Court Maps Out End to Abusive Habeas Petitions

(CN) - The California Supreme Court set new limits for supplemental habeas petitions, saying abuse of the process threatens to undermine the whole system.

The court's final straw was a 500-page second habeas corpus petition for a man convicted of brutally murdering three young boys between 1976 and 1978.

With successive habeas cases, "abusive writ practices" like this have become "all too common," according the 122-page decision authored by Justice Kathryn Mickle Werdegar.

Harold Ray Moreno was convicted in 1980 of slashing the throats of two boys while they were fishing at a pond and of sexually assaulting and strangling a 7-year-old.

The California Supreme Court reversed the convictions in 1985 because of legal error, but the defendant met with the same conviction and sentence upon retrial.

In 1995, after Moreno had his name legally changed to Reno, the state high court affirmed that sentence and conviction, and it rejected his first habeas petition.

Reno said he raised 74 claims for relief in a 1998 federal habeas petition, but the court found that "many" of his claims had not yet been exhausted in state court, so it directed him to file a new petition there.

Reno's second state habeas petition, filed in 2004, raises 143 claims and spans 521 pages, plus exhibits.

"Nearly all of these claims raise legal issues that are, for a variety of reasons, not cognizable or are procedurally barred in this renewed collateral attack," Werdegar wrote for the seven-justice court.

"This petition exemplifies abusive writ practices that cause us to deny the petition in its entirety without reaching the merits of any claim," she added.

The court notes that this practice "has threatened to undermine the efficacy of the system for adjudicating petitions for collateral relief in cases involving the death penalty."

Hoping that the problem will end with Reno, the court declined to impose financial sanctions but said such penalties "remain[] an option in future cases."

Werdegar outlined the new "ground rules" for exhaustion petitions to speed up the process while still allowing petitioners to raise and exhaust justifiable new claims.

In future cases, "although a petitioner sentenced to death will still be able to file his or her initial habeas corpus petition with no limit as to length, second and subsequent petitions will be limited to 50 pages (or 14,000 words if produced by computer), subject to a good cause exception," the decision states.

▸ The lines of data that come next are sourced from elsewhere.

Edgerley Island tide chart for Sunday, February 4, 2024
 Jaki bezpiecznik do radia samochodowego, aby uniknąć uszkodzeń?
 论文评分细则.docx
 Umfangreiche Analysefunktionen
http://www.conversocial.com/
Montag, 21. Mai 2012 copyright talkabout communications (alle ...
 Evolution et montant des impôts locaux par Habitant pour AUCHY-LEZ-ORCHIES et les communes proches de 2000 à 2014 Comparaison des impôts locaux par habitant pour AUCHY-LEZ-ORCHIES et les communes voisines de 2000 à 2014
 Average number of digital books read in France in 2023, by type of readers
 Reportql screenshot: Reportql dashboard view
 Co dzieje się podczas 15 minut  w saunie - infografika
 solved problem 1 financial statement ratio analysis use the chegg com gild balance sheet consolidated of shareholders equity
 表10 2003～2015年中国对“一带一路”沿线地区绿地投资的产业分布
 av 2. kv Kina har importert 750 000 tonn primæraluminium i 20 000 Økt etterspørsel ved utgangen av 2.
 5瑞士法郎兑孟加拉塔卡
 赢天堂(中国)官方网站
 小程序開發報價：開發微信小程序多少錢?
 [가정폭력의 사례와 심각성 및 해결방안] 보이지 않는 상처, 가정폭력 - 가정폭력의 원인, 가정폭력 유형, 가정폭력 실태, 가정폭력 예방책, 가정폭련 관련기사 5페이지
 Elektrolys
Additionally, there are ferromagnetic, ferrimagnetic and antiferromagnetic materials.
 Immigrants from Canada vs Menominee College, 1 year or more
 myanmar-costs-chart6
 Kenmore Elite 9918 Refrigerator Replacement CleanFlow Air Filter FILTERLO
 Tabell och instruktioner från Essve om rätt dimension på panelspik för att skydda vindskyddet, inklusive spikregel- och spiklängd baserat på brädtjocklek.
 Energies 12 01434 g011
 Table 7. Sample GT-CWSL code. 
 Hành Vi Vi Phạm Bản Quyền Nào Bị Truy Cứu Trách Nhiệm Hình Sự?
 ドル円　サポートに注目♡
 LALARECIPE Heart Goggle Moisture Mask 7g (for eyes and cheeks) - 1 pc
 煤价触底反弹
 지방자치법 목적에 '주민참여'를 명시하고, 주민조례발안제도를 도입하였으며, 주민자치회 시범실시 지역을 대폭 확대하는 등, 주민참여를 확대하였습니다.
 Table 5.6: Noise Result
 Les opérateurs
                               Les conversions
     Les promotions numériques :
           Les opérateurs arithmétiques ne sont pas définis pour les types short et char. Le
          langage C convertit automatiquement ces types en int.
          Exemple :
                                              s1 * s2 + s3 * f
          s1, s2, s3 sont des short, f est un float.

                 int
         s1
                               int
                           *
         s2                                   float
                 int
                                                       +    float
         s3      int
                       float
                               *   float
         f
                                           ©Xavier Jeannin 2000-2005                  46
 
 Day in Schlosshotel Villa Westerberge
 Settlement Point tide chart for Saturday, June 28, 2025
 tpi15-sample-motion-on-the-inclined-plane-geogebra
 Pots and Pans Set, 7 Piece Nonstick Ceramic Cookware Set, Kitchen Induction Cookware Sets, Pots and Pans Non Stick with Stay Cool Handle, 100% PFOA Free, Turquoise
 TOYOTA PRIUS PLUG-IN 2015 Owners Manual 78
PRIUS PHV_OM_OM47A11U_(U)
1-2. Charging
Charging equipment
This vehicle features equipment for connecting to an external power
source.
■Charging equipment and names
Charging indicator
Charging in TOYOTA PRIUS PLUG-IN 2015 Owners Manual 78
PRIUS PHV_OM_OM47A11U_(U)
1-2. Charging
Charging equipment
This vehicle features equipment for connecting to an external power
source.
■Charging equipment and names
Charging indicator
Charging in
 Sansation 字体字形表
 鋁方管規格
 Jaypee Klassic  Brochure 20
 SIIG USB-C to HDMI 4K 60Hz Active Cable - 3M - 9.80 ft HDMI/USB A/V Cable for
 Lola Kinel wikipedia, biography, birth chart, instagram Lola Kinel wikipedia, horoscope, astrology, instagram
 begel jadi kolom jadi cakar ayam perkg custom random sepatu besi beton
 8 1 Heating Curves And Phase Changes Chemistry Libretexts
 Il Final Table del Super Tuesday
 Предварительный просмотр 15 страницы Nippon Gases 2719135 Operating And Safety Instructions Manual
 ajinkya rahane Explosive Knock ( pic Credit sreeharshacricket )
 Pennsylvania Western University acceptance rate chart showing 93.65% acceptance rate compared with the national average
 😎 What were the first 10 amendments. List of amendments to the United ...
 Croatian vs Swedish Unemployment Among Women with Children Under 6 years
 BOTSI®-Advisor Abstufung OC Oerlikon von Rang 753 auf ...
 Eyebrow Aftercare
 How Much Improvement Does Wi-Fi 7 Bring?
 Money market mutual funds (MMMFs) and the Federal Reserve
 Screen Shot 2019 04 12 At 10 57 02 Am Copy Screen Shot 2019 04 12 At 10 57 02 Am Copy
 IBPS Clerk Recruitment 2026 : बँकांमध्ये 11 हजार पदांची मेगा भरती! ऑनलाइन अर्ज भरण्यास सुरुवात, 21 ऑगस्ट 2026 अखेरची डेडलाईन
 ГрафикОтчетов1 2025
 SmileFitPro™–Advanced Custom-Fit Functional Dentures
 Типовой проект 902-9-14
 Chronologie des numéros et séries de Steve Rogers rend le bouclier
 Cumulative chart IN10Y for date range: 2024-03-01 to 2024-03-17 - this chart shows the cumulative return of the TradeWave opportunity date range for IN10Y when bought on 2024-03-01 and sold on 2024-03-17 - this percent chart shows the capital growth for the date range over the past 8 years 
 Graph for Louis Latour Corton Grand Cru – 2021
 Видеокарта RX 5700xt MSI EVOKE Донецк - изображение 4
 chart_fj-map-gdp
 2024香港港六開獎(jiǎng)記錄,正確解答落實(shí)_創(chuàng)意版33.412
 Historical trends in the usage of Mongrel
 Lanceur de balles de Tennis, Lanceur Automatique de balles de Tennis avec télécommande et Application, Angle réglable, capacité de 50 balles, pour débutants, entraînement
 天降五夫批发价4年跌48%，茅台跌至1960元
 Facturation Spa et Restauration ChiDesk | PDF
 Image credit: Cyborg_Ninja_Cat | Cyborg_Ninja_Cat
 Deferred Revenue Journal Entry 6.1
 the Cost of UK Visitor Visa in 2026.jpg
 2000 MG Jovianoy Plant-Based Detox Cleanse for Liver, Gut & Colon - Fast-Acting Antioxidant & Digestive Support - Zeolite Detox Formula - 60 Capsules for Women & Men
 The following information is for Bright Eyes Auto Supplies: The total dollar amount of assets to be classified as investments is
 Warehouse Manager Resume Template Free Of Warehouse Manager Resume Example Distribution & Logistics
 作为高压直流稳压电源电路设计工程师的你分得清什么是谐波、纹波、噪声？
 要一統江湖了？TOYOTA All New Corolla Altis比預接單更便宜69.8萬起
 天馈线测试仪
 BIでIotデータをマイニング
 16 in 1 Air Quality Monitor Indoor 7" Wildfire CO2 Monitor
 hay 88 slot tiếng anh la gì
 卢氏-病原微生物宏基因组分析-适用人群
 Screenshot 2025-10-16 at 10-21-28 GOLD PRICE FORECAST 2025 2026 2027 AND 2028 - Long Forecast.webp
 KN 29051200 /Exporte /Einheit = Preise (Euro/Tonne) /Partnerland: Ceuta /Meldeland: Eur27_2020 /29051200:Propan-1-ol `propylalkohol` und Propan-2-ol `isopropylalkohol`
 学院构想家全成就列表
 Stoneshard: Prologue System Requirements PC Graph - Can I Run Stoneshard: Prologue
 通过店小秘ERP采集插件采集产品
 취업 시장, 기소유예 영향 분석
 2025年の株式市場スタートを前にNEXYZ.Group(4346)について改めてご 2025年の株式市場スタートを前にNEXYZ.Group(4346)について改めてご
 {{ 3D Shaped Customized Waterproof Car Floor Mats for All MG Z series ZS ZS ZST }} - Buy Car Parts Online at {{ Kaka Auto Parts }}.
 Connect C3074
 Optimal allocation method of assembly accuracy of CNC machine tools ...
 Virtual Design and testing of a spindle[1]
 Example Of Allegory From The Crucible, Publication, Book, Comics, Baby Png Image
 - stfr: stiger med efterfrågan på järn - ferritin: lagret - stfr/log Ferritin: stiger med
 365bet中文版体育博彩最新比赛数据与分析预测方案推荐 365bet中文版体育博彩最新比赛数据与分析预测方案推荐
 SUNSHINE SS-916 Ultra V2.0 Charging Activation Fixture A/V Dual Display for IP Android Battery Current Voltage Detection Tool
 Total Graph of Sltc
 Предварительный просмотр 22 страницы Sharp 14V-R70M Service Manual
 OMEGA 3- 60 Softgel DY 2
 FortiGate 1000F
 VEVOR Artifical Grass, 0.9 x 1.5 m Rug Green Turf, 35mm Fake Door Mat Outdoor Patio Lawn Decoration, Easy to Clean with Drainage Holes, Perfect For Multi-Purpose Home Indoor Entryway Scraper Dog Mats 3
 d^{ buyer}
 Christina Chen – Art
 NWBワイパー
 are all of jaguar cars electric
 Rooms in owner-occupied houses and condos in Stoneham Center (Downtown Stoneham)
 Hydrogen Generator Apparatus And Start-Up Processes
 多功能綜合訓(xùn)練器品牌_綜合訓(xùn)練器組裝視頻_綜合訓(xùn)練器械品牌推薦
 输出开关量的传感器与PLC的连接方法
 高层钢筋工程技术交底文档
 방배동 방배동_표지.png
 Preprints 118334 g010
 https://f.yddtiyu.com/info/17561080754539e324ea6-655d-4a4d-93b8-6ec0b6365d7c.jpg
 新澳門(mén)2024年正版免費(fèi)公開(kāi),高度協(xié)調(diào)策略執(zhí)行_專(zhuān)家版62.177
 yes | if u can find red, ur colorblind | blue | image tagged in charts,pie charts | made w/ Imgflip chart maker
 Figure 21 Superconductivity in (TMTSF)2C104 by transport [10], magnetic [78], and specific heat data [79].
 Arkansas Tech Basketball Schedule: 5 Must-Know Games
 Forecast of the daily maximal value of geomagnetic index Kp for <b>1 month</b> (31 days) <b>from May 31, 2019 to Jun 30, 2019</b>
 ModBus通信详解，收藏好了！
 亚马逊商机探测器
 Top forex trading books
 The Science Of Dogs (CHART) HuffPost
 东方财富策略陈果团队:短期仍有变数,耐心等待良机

In addition, "such petitions must clearly and frankly disclose: (a) what claims have been raised and rejected before, and where (either on appeal or on habeas corpus, with appropriate record and opinion citations); (b) what claims could have been raised before (e.g., because they are based on facts in the appellate record or were known at the time the first habeas corpus petition was filed), and why they were not raised at an earlier time; (c) what claims are truly new (that is, they have not previously been presented to this court); and (d) which claims were deemed unexhausted by the federal court and are raised for the purpose of exhaustion."

A habeas petitioner must also support his exhaustion disclosure with a copy of the federal court's order, and he can put this background information in a table or chart not to exceed 10 pages that will not count against the 50-page limit.

"This chart will permit the court to determine at a glance which claims are repetitive and which are newly alleged, and will allow us to more expeditiously evaluate the claims in the petition," Werdegar wrote.